On Monday, Westword ran a piece by reporter Teague Bohlen trashing RTD over the new L Line and its impact on service. It’s good to have your eyes peeled for backdoor service reductions, but this isn’t one of them: The L Line service pattern should make Denver’s light rail system more reliable for all riders.

The reason the L Line was split off from the D Line is all about reliability, as Streetsblog reported last week. Northbound D trains were causing cascading delays throughout the system because they had to wait for southbound D trains to clear a one-track section. The L Line’s simpler route will help prevent those bottlenecks.

But Bohlen didn’t even mention the single-track section along Welton Street that was knotting up the D Line and causing delays to ripple out to other lines. With the L Line preventing those delays, riders who use the downtown loop now stand to save time.

Technically, Westword’s headline — “RTD Reduces Light Rail Service to Five Points and Beyond” — isn’t wrong. The L stops running about an hour before the old D did because RTD must funnel limited resources to routes with the highest ridership. About 20 to 30 people will be negatively affected daily, RTD rail service planner Eric Miller told Streetsblog. But the shorter service hours weren’t even the basis for Bohlen’s assertion that service will get worse — he didn’t touch on that at all.

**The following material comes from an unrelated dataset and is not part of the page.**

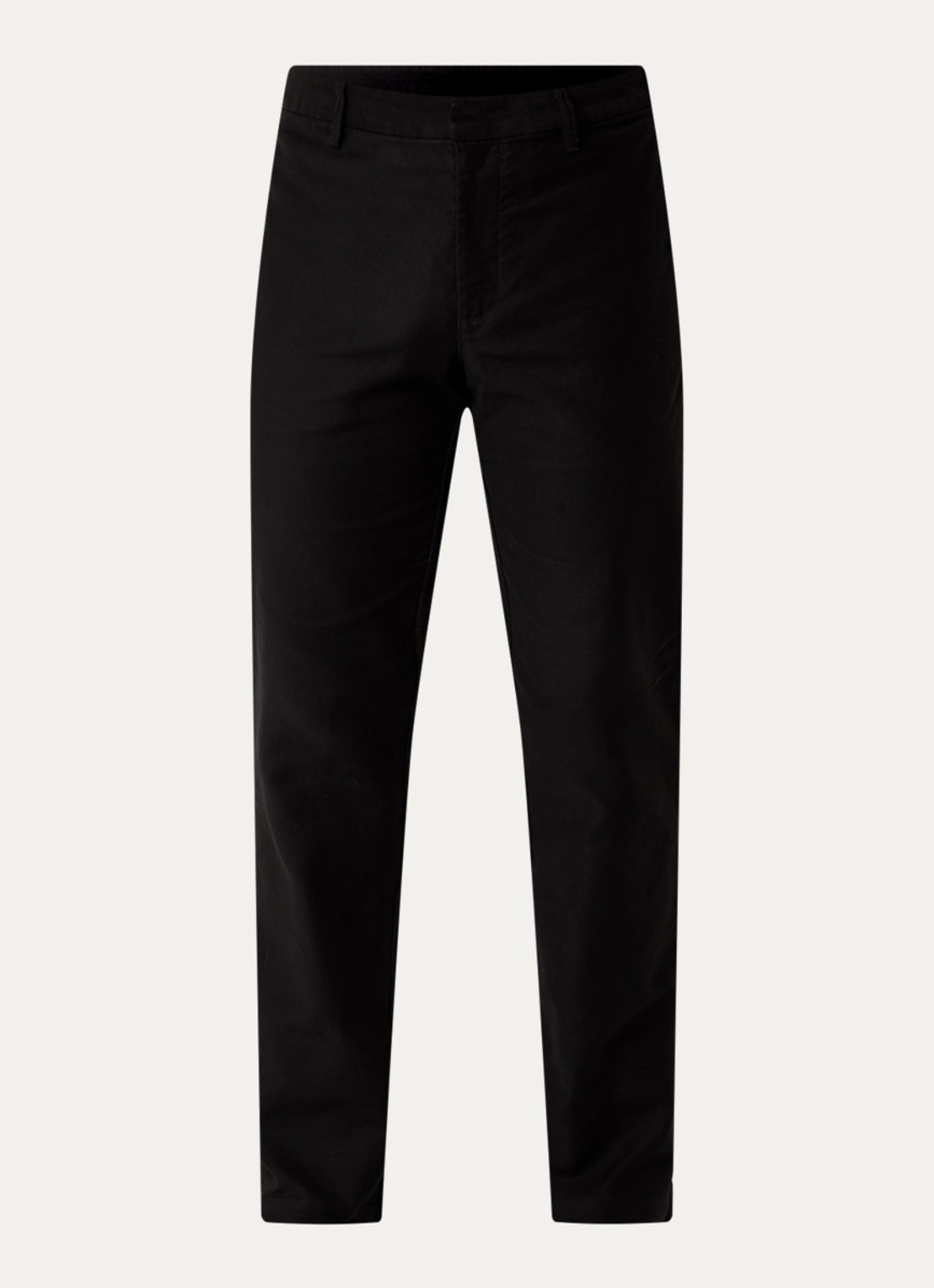 Armani Straight fit chino met steekzakken - voorkant 4 zwart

Instead, Bohlen calls the change “bewildering” and “short-sighted” because L riders now have to transfer if they’re traveling between 30th and Downing and stations south of 16th Street. These riders, he claims, will lose “well over three days of their lives” each year, but his arguments don’t hold up.

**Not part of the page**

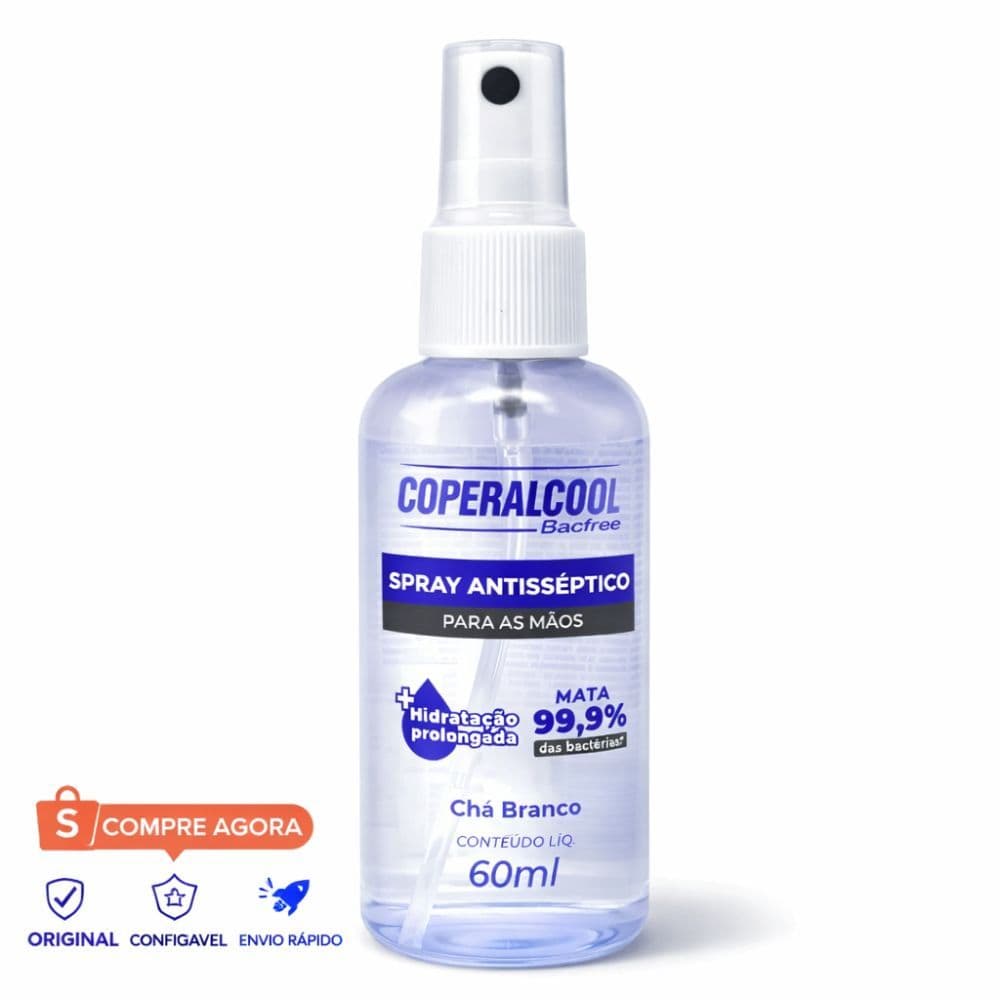 Spray Antisséptico Bacfree 60ml Proteção e Limpeza Instantânea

L riders will usually wait three to six minutes to connect to D trains, Miller told Streetsblog. (This information is also contained in publicly available RTD schedules.) But Bohlen posits that passengers will be delayed “maybe 10 minutes” each way. “Get off the train, maybe walk a block to where you can catch the next train, make sure to keep your transfer ticket, swipe it at that next stop, get on that train, keep going,” Bohlen imagines.

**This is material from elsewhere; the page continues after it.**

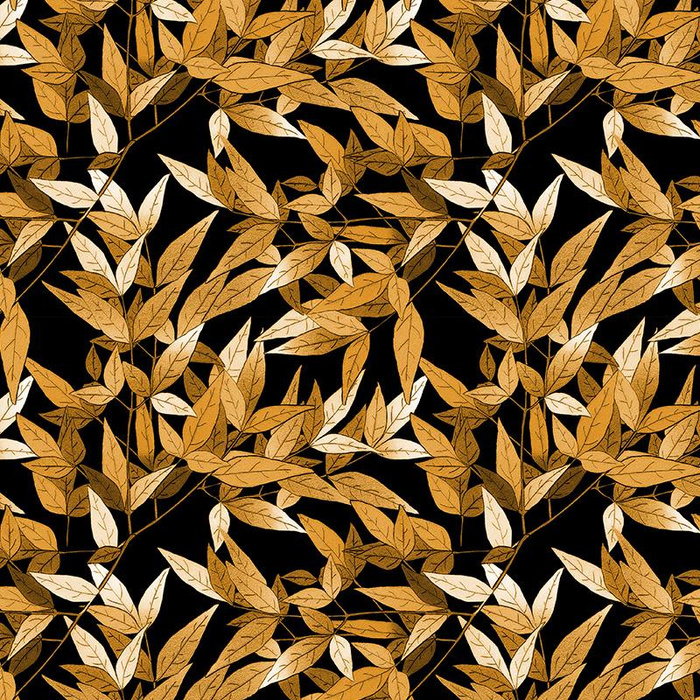 LEAVES pat. 1 (gold) / black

It’s a sentence loaded with wrong: Passengers don’t have to walk anywhere — the L, D, F, and H lines all serve the same stations in question. Bohlen should know this, because in 2016 he told us all how often he takes the D from 30th and Downing. Also, swiping a “transfer ticket” is not a thing on RTD light rail.

Later in the piece, Bohlen evokes redlining, or government sanctioned racial discrimination, because Five Points is a historically black neighborhood. He asserts that “reductions in service like this one invoke those uninvited ghosts all over again.” It’s an irresponsible statement, to say the least, given the systemic benefits of improved reliability that the L Line is supposed to deliver.

If the new service works as planned, trip times will be more predictable and riders — including L train riders who have to make transfers — won’t have to deal with as many aggravating unplanned delays as they do today.

RTD has a lot of problems. It lacks the resources to operate as much service as Denver needs, and its governance structure favors car-centric suburbs over the city.

The decision to split off the L Line from the D Line is not one of those problems — in fact it’s a pretty clear case of agency staff taking initiative to make things better for riders. Miller said he’d been trying to fix the delays caused by the one-track section on Welton for more than five years! If anything, the question should be what took RTD so long to do something.

If we want better transit service in Denver, we need to generate pressure in the right places. Instead of ragging on service planners for doing their job well, let’s hold Mayor Hancock’s feet to the fire to deliver the transit improvements Denver residents desperately need: funding for more Denver-centric RTD service, transit priority at intersections so riders don’t lose so much time at red lights, and more dedicated right of way on our streets to speed up buses and trains.